Overview: Mental strength is an essential leadership attribute and ability. It helps leaders be self-aware, resilient, and capable of inspiring followers. Mindfulness helps leaders achieve mental clarity and stability. Leadership coaching can help leaders develop mindfulness through practical exercises and habits.
If we were to ask managers whether they think they inspire subordinates, an overwhelming majority would say yes. If we asked employees whether they find their leaders inspirational, they would overwhelmingly say no.
The gap between how leaders perceive themselves and how employees see them is a matter of self-awareness or lack thereof, and the inability to understand the variables of the leadership equation. Leadership coaching has made it one of its top objectives to address this gap.
To be inspirational and motivating, leaders must be resilient, mature, present, and healthy. The expectations and pressures of modern leadership are many.
In addition to being good managers and financially skilled, intelligent leaders must find ways to consistently empower, motivate, and inspire teams. From the perspective of executive coaching, mindfulness and mindful leadership seem to be the key factors in inspiration.
How Mindfulness Boosts Leadership
Leadership coaching has always sought ways to help leaders become more self-aware, resilient, and present at the helm of companies and in the lives of peers and reports. Coaches can help leaders boost their mental strength by practicing mindfulness.
We have long known about the positive effects mindfulness can have on people’s abilities to focus, weather stress, and reduce anxiety. How does mindfulness fare in the context of leadership? What practices does it entail?
Establishing Presence Before Meetings
Leaders and organizations use meetings to get workforces on the same page about ongoing and planned projects. The utility of meetings is undeniable.
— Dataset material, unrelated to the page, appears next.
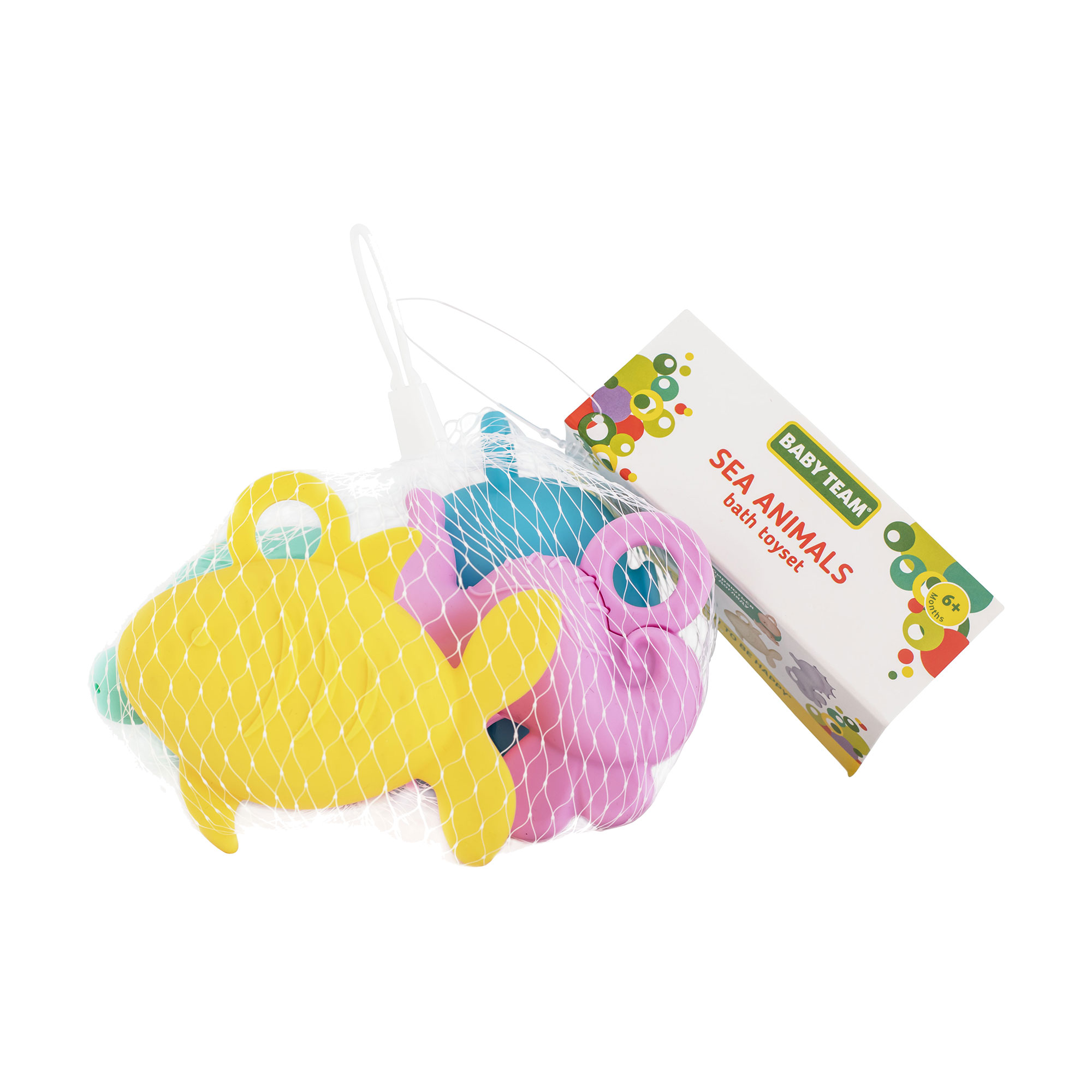 

Дитячий набір іграшок для ванни Baby Team Морські мешканці, від 6 місяців, 14*14*12 см, 4 шт (9060)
How some leaders go about meetings is questionable at best.
Having a bit of water cooler chatter to warm up to the meeting, participants often lose interest in it and resort to checking their social media pages instead of paying attention and sharing input. Leaders may also fall into the trap of routine.
An interesting mindfulness practice is to allocate a minute at the beginning of the meeting to establish presence. Leaders may ask participants to do whatever they deem necessary to achieve full presence. The effects of the exercise may wear off, but the momentum of focused engagement it creates will carry through to the meeting to some degree.
In addition to the direct effects they have, such exercises also help leaders instill cultures of mindfulness in their organizations.
As life outpaces us with its ubiquitous distractions, finding offline time can create outstanding benefits for leaders and employees. Caught up in day-to-day tasks and overwhelmed by endless streams of social media and email notifications, leaders often have no time left to lead, engage, or inspire.
Setting aside offline time every day can do wonders for leaders’ abilities to focus, be present, and inspire.
Establishing a slot on the schedule for offline time is the easy part of the exercise. It’s more challenging to keep it safe from intrusion, especially long-term.
Co-workers, managers, friends, family, and business partners will try to carve out slices of this precious distraction-free time. To continue enjoying its benefits, leaders must resist such attempts.
Executive coaching can help leaders understand the benefits they’ll derive from carving out time to practice mindfulness and focus.
Turning Mindfulness into a Habit
Leadership coaching aims to help leaders develop certain behaviors they can then turn into habits, reshaping their leadership. Mindfulness is another behavior worthy of being transformed into a habit.
Leaders can set time aside to practice it, but they can practice mindfulness informally as they go about their day-to-day activities. Achieving mindfulness is as simple as focusing on the subtle hum of the city at night or listening to one’s breathing during a bus ride.
Successful leaders understand the role mental strength plays in leadership. They know practicing mindfulness is one of the most effective ways to boost this scarce leadership resource.